If you’ve never used it, and maybe you have one computer with multiple monitors and you think universal control means nothing, but it’s just amazing every time I get to use it.
Now you might be asking why my setup is the way it is.
Originally I went to the Apple Store to look at the studio display, because I wanted to have a bigger screen attached to my MacBook Air that would allow me to have more screen real estate.
And so I was looking at that monitor, the one from Apple, the studio display, and looking at the price, and it’s about $1500 or something like that I think, and I thought, I can get an iMac for that same price.
Sorry about that.
I can get a whole computer with a really nice screen.
Not quite as big because the iMac only comes in a 23 inch, but it does give me a lot more real estate than my MacBook Air.
And with universal control, it allows me to use it as if it’s just another monitor for less money.
And then I get the added benefit that if I am doing something on my MacBook Air, or if I’m doing something on my iMac that takes some compute power, then I can let that happen and move my mouse focus to the other computer and do whatever I want there without interrupting the work that’s being done on the other one.
So for instance, if I need to run some script thing or some kind of automation on my iMac that might take some time, crunching data, making a chart, doing something like that, then I can get that started on my iMac, have the numbers being worked, have the information being created automatically, and then while that is happening, I can go to my MacBook Air and do other things there without worrying about taking over compute power, without worrying about interrupting in a way that might stop the activity that I want to happen.
And it’s really kind of cool because now I have two computers.
I have more screen real estate than I had before, but I also don’t interrupt each computer’s work by the other.
They are independent in that manner.
And then with using the syncing of the desktop and documents and being logged into my iCloud account, they both look similar.
I actually have them set up a little bit different color-wise because it helps me recognize which screen I’m staring at, although that’s not that hard because it’s two devices.
But in that, I don’t have to have one on if I’m just working on the other one.
So if there’s an activity that I really like to do on my MacBook Air, then I don’t even have to turn on or wake up my iMac.
Usually not the case.
Most of the time I wake up my iMac and don’t wake up my MacBook Air unless I need screen real estate or doing an activity where I need to use two screens.
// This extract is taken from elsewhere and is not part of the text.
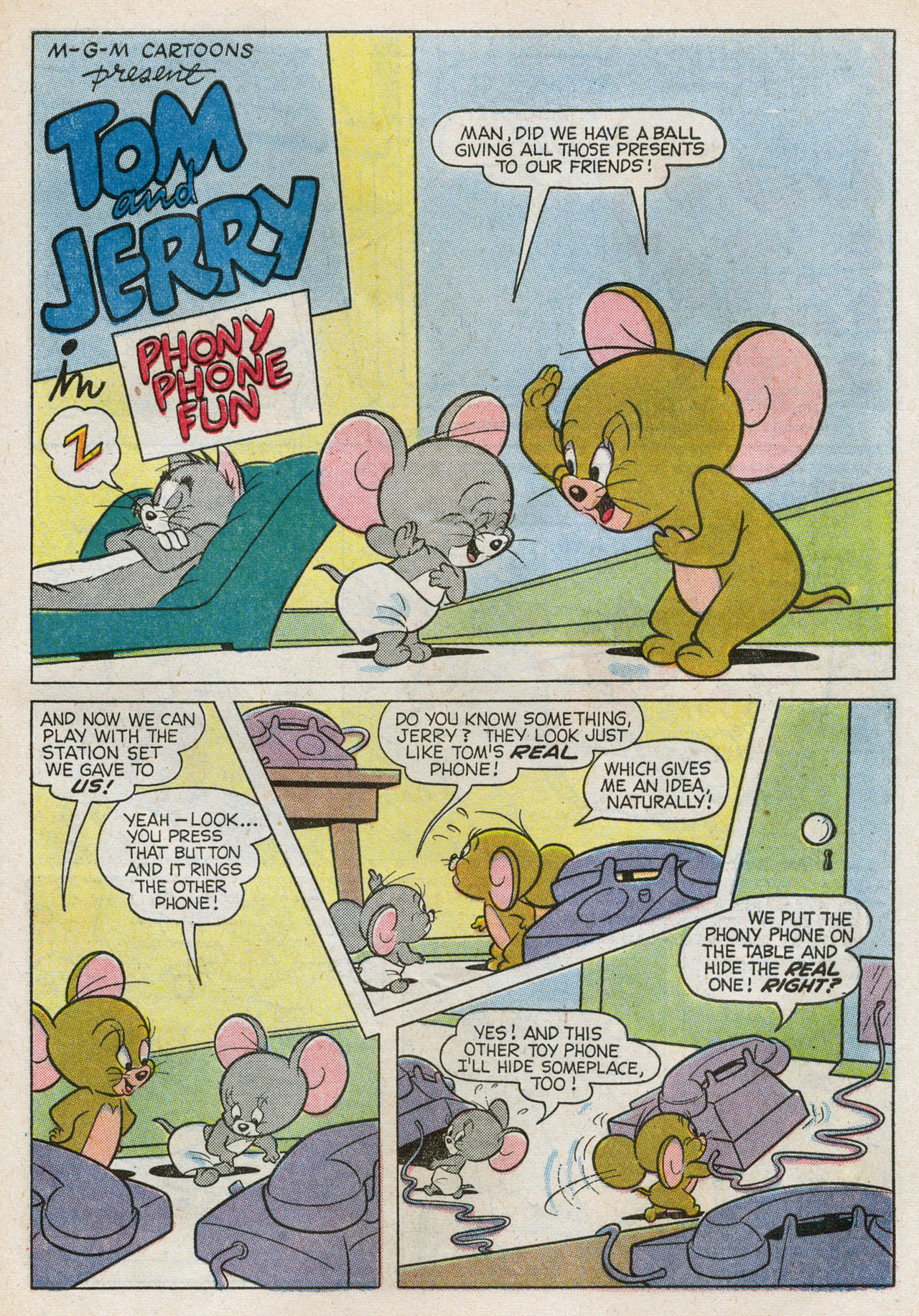 Read online Tom & Jerry Toy Fair comic -  Issue # Full - 86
So if you’ve never tried it, if you don’t understand it, Apple has good details on their website of how it works, and I would suggest that you try it.
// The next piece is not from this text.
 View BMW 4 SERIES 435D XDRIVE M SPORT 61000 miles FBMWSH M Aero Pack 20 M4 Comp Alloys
If you don’t have two Macs but you have an iPad, then just set your iPad up there and you can use it on that and see how it works, and maybe you’ll like it, maybe you won’t.
But I really do and will continue to work in that mode for as far as I can see into the future.
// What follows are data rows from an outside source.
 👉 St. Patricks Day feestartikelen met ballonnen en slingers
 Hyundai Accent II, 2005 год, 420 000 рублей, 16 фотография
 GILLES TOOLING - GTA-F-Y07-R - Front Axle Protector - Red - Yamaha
That is all I have for today.
If you have comments or suggestions or questions, you can send them to technologybytes at merrickfamily.com.
I want to thank you for listening to the Technology Bytes microcast and I like forward.
Sorry about that.
I look forward to the next time we are together taking another bite of technology.
A little public service announcement.
The software I use to record my podcast, and maybe I should talk about that under my next Technology Bytes.
Just thought about that.
But it was updated this week, got a facelift as it were, and they broke the ability to add an audio file, and so that’s why there is no music this week.